This is also a great thread that people have contributed to that lists FOs that stick in CP.  Lots of great info here.





						HELP!  Need a fragrance suggestions for CP soap
					

Here's the deal - I am new to CP soap making.  I've been making M&P soap for years, but just branched into CP soap making this year.  The first thing I discovered with CP soap is that the fragrances can disappear or morph or cause the batter to seize.  I QUICKLY learned that I need to make test...




					www.soapmakingforum.com


----------



## Jersey Girl (Sep 13, 2020)

Catscankim said:


> Can you show the cut please? The suspension is killing me lol


I posted it in the August Challenge sign up sheet a while back. Here it is.


----------



## gardengeek (Sep 14, 2020)

Jersey Girl said:


> I add my FO at the very last minute after separating and coloring.  If I’m doing a swirly design I add them to all the colors at the same time.  If I’m doing layers I add it just before I pour each layer as I need to wait a bit between layers for them to set up. Don’t stick blend the FO in...whisk it in. That little bit of extra stick blending will make a difference In how quickly it starts to set up.  I never use a brand new to me untested FO if I’m swirling as I don’t want to be caught off guard. I use new ones in simple designs so I get a feel for how it behaves in my recipe.
> 
> 
> Looking forward to hearing how you like it!

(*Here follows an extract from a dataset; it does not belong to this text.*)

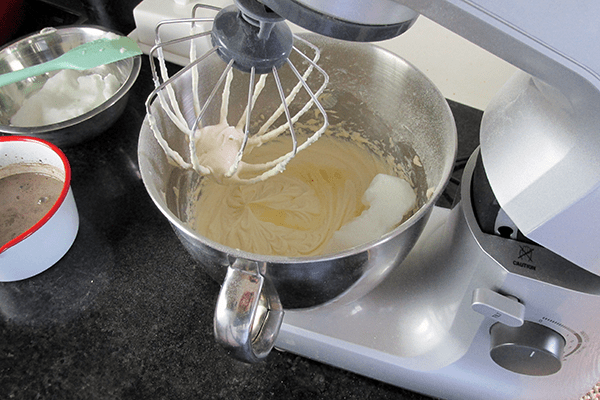 Fold the egg whites into the cheese mix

@Jersey Girl, The photos on the Beer Soap? thread inspired me to make my first ever beer soap so I used my sample of Earth Meets Sky today. For the beer I used Honey Pilsner by Orange Blossom Brewing Co. (fairly local). I didn't add any color because I wanted to see how the beer affects the color. I think Earth Meets Sky compliments the scent and taste of the beer. When I first poured it into the mold the batter was a pretty honey golden color but it's fading now to a creamy white. It's only been four hours so I'm sure it will end up being white or cream colored. I detect a slight Christmas tree scent OOB and for whatever reason it makes me hungry; not that I eat many Christmas trees... I used 5% PPO, hope that's a good amount.


----------